• _DIRECTIONS FOR THIS TASK_:
Strip the pictures and reproduce the rest of the listing exactly.

• _GIVEN MATERIAL_:
--- START ---

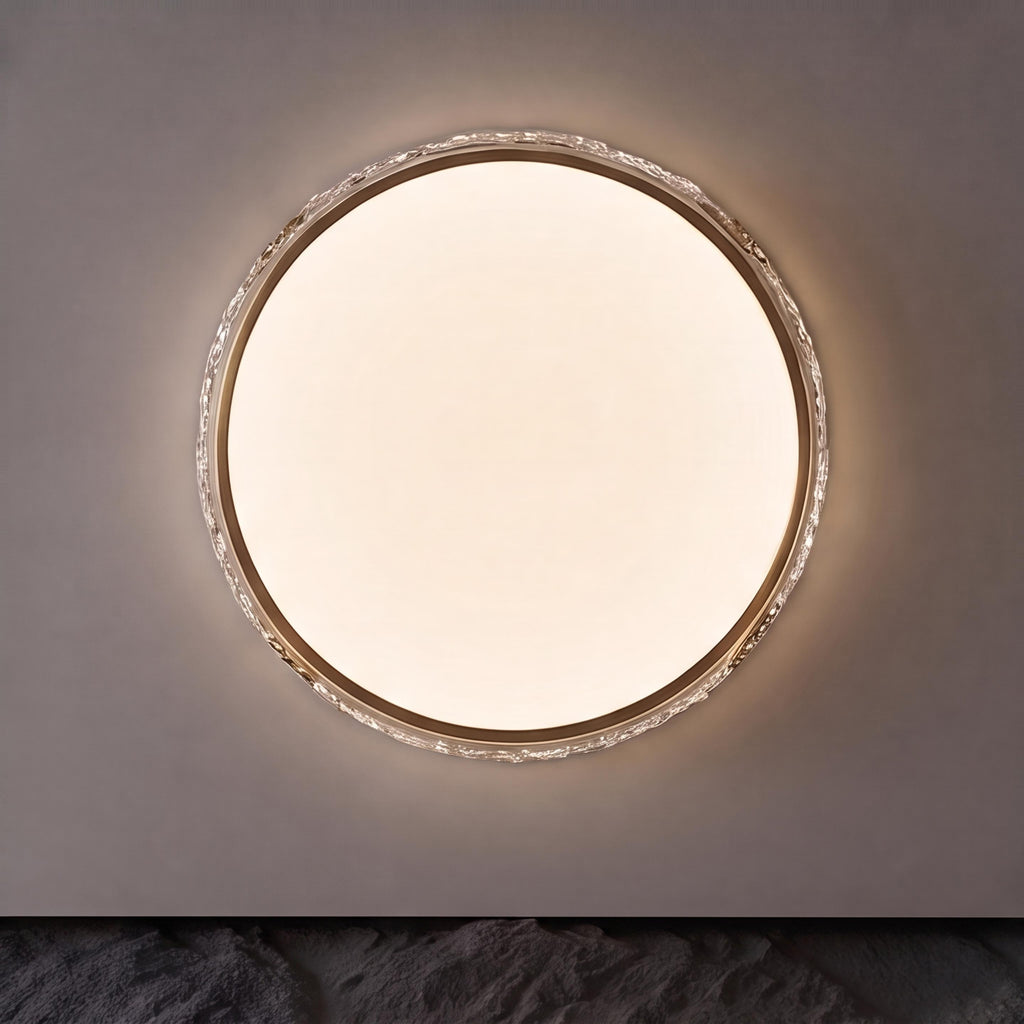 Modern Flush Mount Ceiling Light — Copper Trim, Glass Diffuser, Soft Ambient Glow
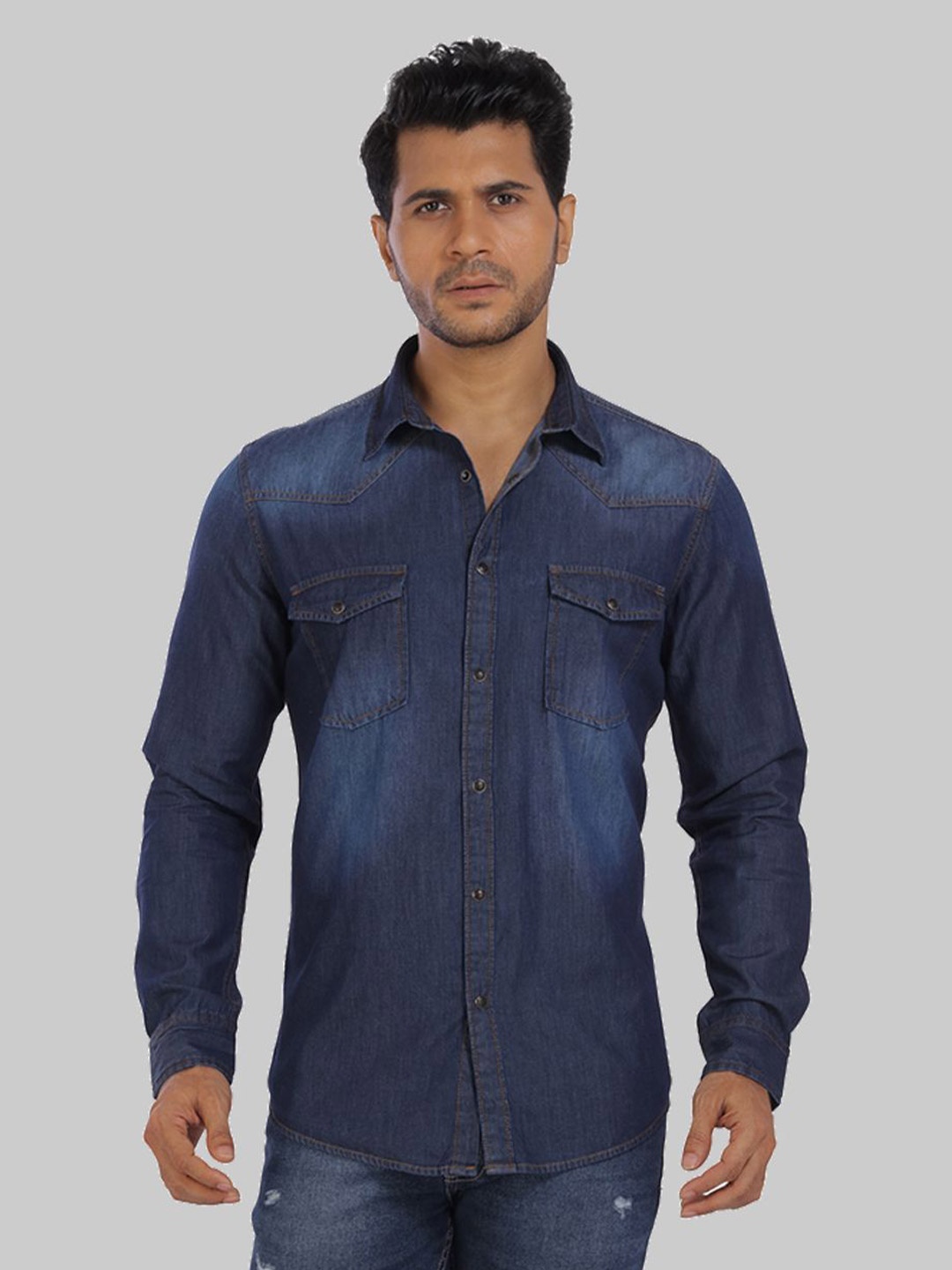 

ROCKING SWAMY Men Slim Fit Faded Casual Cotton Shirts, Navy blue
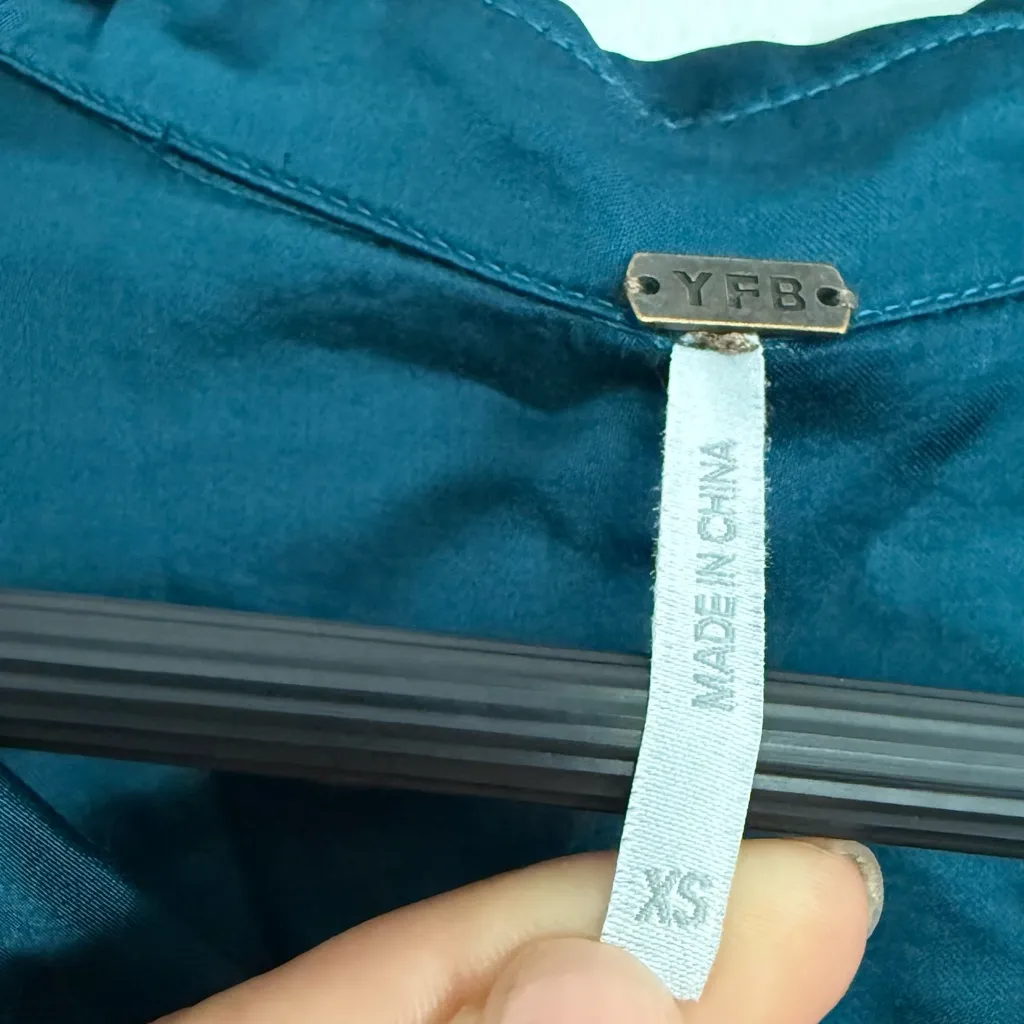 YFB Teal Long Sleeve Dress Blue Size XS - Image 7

--- END ---

• _SOLUTION TO THE PROBLEM_:
 Modern Flush Mount Ceiling Light — Copper Trim, Glass Diffuser, Soft Ambient Glow

ROCKING SWAMY Men Slim Fit Faded Casual Cotton Shirts, Navy blue
 YFB Teal Long Sleeve Dress Blue Size XS - Image 7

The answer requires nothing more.